- Given data:
####################
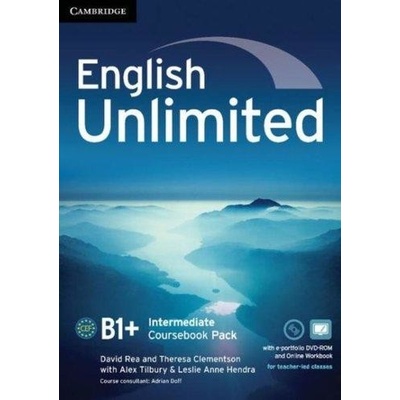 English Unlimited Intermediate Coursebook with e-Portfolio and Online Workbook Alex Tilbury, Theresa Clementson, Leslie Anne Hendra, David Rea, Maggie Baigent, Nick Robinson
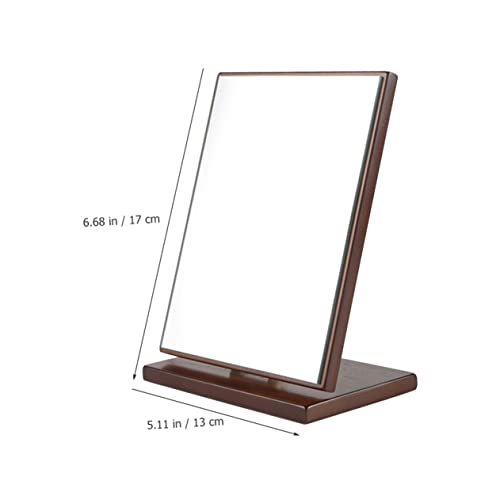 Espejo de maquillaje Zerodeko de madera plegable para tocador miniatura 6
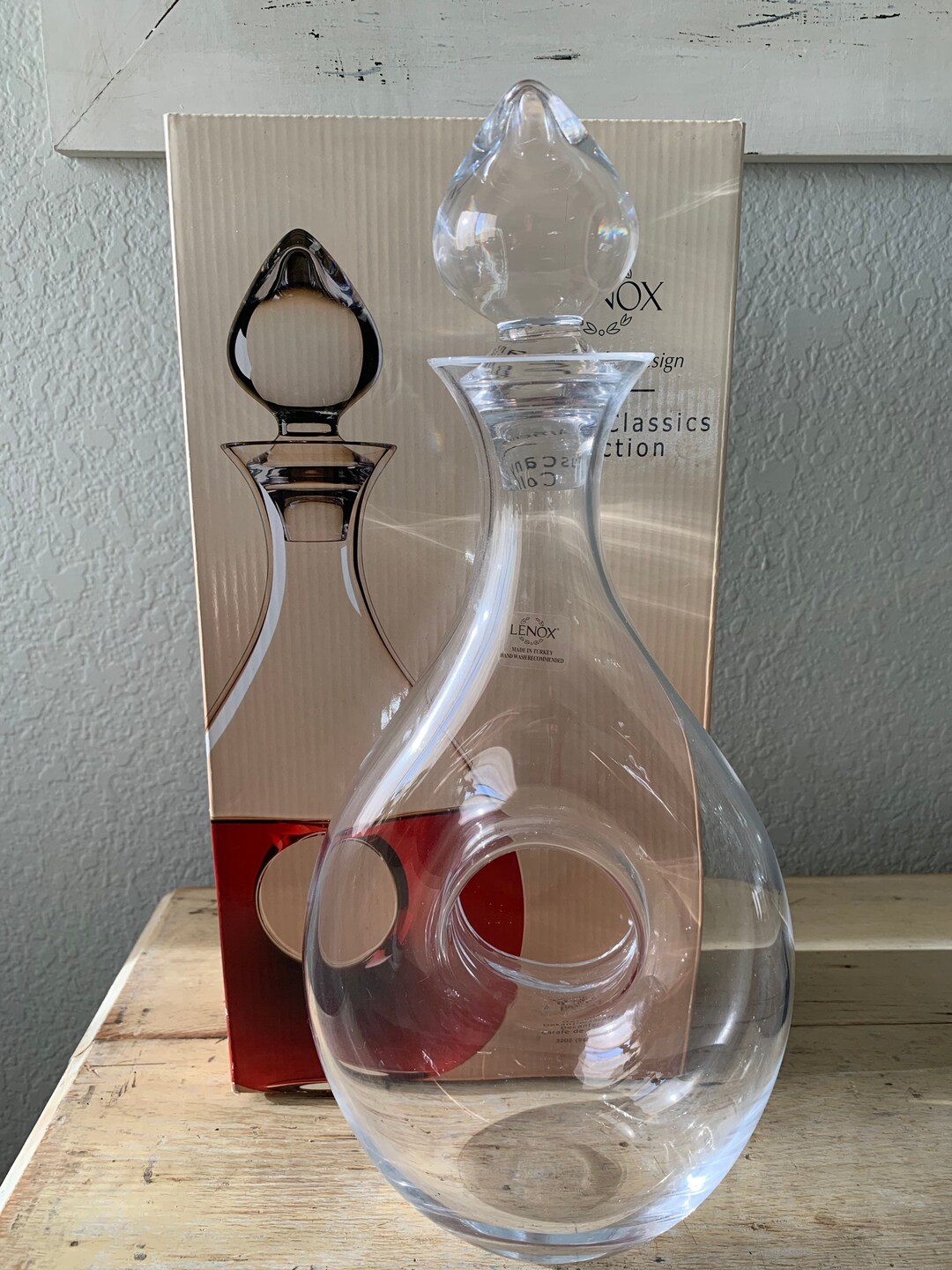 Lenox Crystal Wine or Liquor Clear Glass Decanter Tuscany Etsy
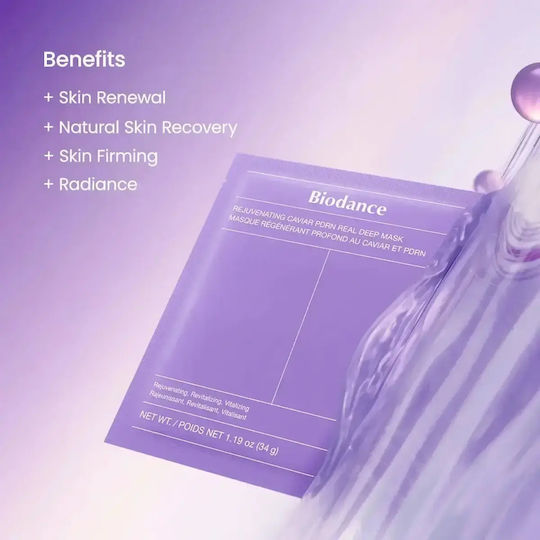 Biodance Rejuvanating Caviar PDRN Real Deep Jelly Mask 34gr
####################
- Your assignment: What is needed is a verbatim copy of the material, minus its pictures.

- Answer to this exercise:
 English Unlimited Intermediate Coursebook with e-Portfolio and Online Workbook Alex Tilbury, Theresa Clementson, Leslie Anne Hendra, David Rea, Maggie Baigent, Nick Robinson
 Espejo de maquillaje Zerodeko de madera plegable para tocador miniatura 6
 Lenox Crystal Wine or Liquor Clear Glass Decanter Tuscany Etsy
 Biodance Rejuvanating Caviar PDRN Real Deep Jelly Mask 34gr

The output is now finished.